Continuous neural representation with spherical harmonics refers to the construction of neural function approximators on the sphere $\mathbb{S}^2$ (and higher-dimensional spheres) using the spherical-harmonic basis for both theoretical and practical advances. This paradigm produces neural models capable of learning, representing, and interpolating functions that are continuous, globally valid, and potentially equivariant under $\mathrm{SO(3)}$ (rotations).
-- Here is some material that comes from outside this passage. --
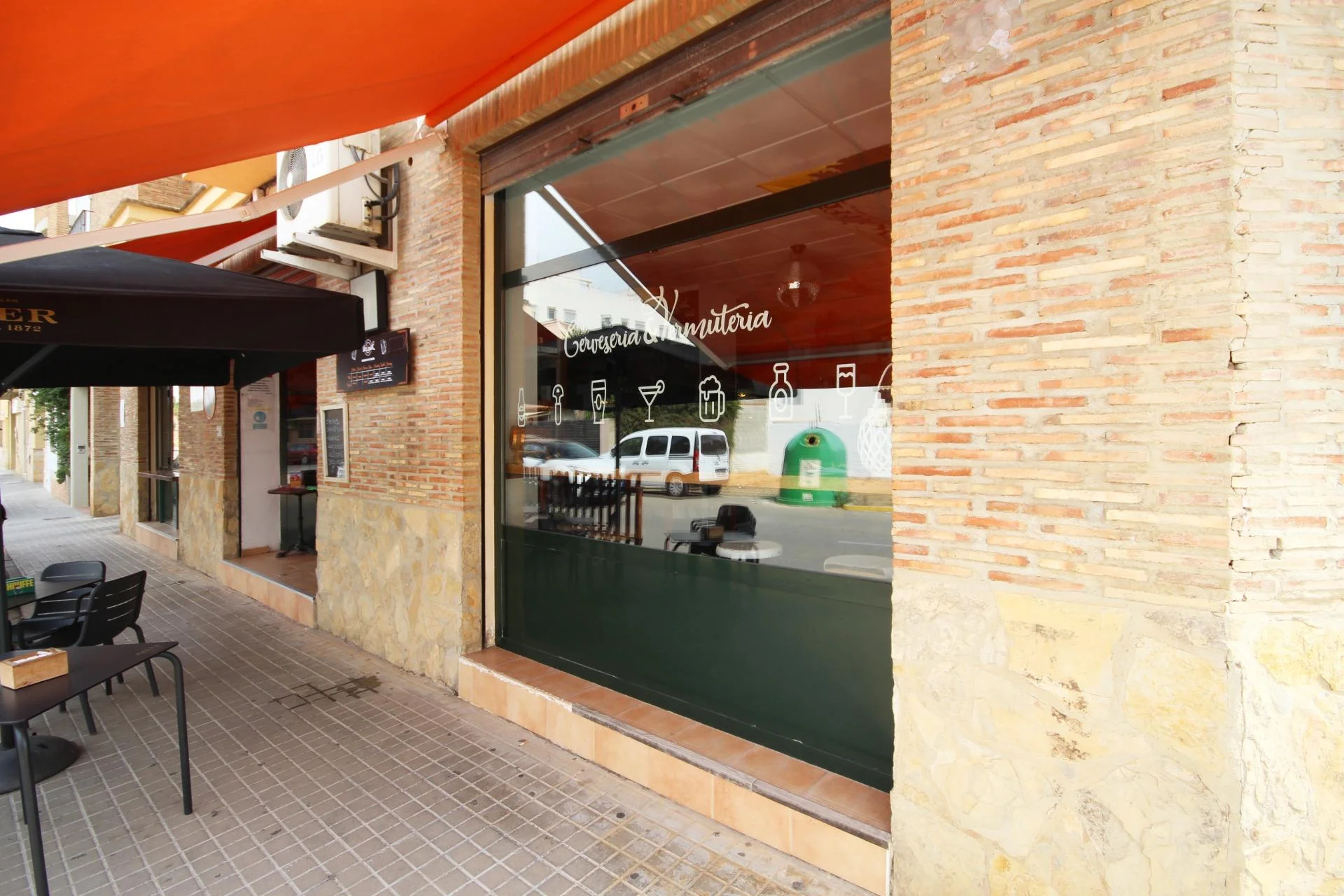 Operating café-bar in Monserrat, 135 m²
Spherical harmonics offer a mathematically principled, completeness-guaranteed, and non-redundant basis for $L^2$-integrable functions on the sphere, enabling neural architectures to natively respect spherical geometry, avoid coordinate artifacts (e.g., pole singularities), and achieve high accuracy for spatial and spatio-angular data.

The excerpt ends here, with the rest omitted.